The “Process” and “Analyze” phases can be iterative and parallel. Analysis can reveal a broader understanding of the data, which might make it apparent that additional processing is needed. Activities within the “Process” and “Analyze” phases may commence before the “Collect” phase is completed. This enables the compilation of provisional results where timeliness is an important concern for users, and increases the time available for analysis. Key difference between these phases is that “Process” concerns transformations of microdata, whereas “Analyze” concerns the further treatment of statistical aggregates.

This phase is comprised of eight sub-processes:

  • 5.1.Integrate data - This sub-process integrates data from one or more sources. The input data can be from a mixture of external or internal data sources and a variety of collection modes, including extracts of administrative data, resulting in a harmonized data set. Data integration typically includes matching and record linkage routines to link data from different sources, where those data refer to the same unit; and prioritizing, when two or more sources (with potentially different values) contain data for the same variable. Data integration may take place at any point in this phase, before or after any sub-processes.

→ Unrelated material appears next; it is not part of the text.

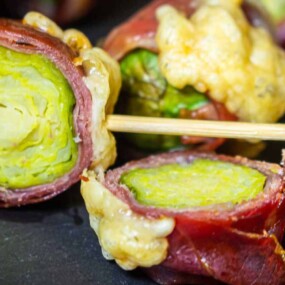 Close-up of brussels sprouts wrapped in prosciutto, held together with a decorative toothpick, with melted cheese on top, arranged on a black surface.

There may also be several instances of data integration in any statistical business process. Following integration, and depending on data protection requirements, data may be anonymized, i.e., stripped of identifiers such as name and address, to help to protect confidentiality.
  • 5.2.Classify and code - This sub-process classifies and codes the input data. For example, automatic or clerical coding routines may assign numeric codes to text responses according to a pre-determined classification scheme.
  • 5.3.Review, validate and edit - This sub-process applies to collected microdata. It looks at each record to identify and, where necessary, correct potential problems, errors, and discrepancies such as outliers, item non-response, and miscoding. Also referred to as input data validation. it may be run iteratively, validating data against predefined edit rules, usually in a set order. It may apply automatic edits, or raise alerts for manual inspection and correction of the data. Reviewing, validating, and editing can apply to unit records both from surveys and administrative sources, before and after integration. In certain cases, imputation (sub-process 5.4) may be used as a form of editing..
  • 5.4.Impute - Where data are missing or unreliable, estimates may be imputed, often using a rule-based approach. Specific steps typically include:
    • identification of potential errors and gaps;
    • selection of data to include or exclude from imputation routines;
    • imputation using one or more pre-defined methods e.g., “hot-deck” or “cold-deck;”
    • writing imputed data back to the data set and flagging them as imputed; and
    • the production of metadata on the imputation process.
  • 5.5.Derive new variables and statistical units - This sub-process derives values for variables and statistical units that are not explicitly provided in the collection, but are needed to deliver the required outputs. It derives new variables by applying arithmetic formulae to one or more of the variables already present in the dataset. This may need to be iterative, as some derived variables may themselves be based on other derived variables. It is therefore important to ensure that variables are derived in the correct order. New statistical units may be derived by aggregating or splitting data for collection units, or by various other estimation methods. Examples include deriving households where the collection units are persons, or enterprises where the collection units are legal units.
  • 5.6.Calculate weights - This sub-process creates weights for unit data records according to the methodology in sub-process 2.5 (Design statistical processing methodology). These weights can be used to “gross-up” sample survey results to make them representative of the target population, or to adjust for non-response in total enumerations. For informationand materials on sample calibration, see our related project page.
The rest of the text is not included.